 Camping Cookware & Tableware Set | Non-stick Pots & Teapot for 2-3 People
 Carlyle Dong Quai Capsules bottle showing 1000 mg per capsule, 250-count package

* * *

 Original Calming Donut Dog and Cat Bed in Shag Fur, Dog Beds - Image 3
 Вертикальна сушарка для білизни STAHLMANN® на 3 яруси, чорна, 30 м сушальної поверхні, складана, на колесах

TASK STATEMENT
Considering only the material above, set down every line from the one with "Camping Cookware &" to the one with "Carlyle Dong Quai", inclusive, exactly as written.

TASK OUTPUT
 Camping Cookware & Tableware Set | Non-stick Pots & Teapot for 2-3 People
 Carlyle Dong Quai Capsules bottle showing 1000 mg per capsule, 250-count package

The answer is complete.